MATERIAL PROVIDED —
━━━━
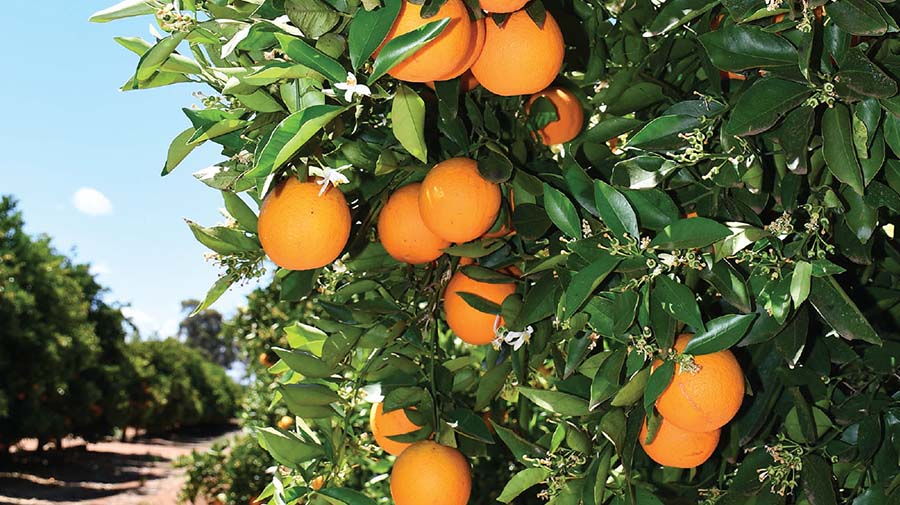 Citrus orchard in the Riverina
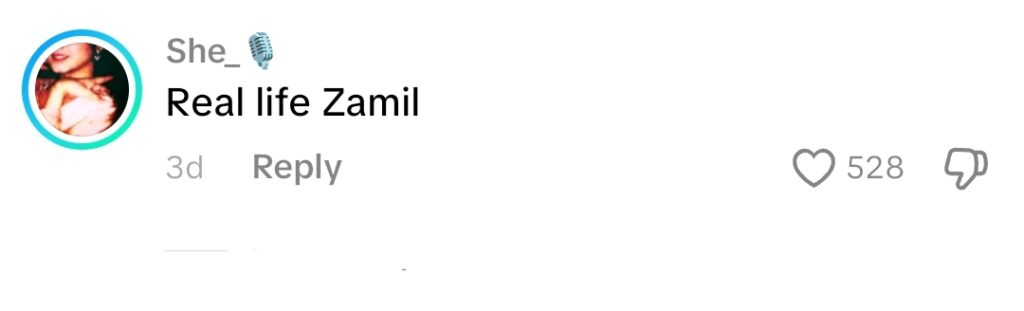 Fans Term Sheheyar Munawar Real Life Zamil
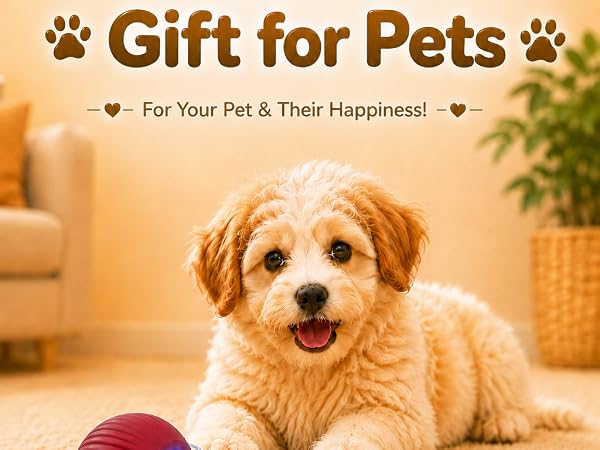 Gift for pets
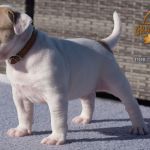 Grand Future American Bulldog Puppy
━━━━
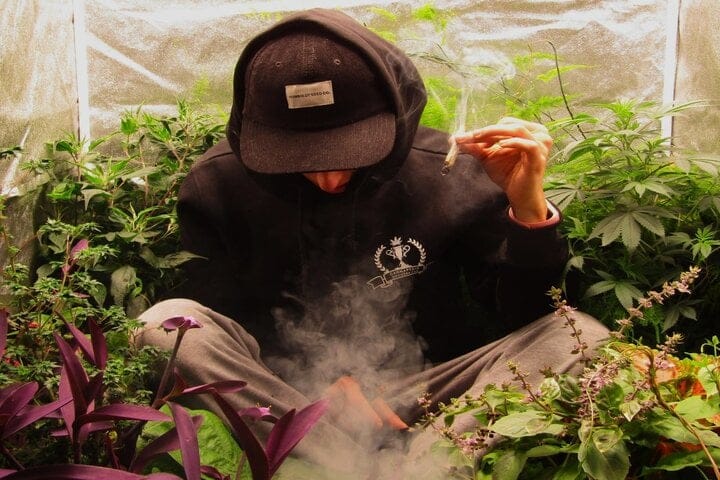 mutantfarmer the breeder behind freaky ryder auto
━━━━
YOUR INSTRUCTIONS — Please copy out from the data above, without any picture, exactly the lines running from the one that holds "Citrus orchard in the Riverina" through the one that holds "Grand Future American Bulldog Puppy", and nothing beyond them.

WRITTEN RESPONSE —
 Citrus orchard in the Riverina
 Fans Term Sheheyar Munawar Real Life Zamil
 Gift for pets
 Grand Future American Bulldog Puppy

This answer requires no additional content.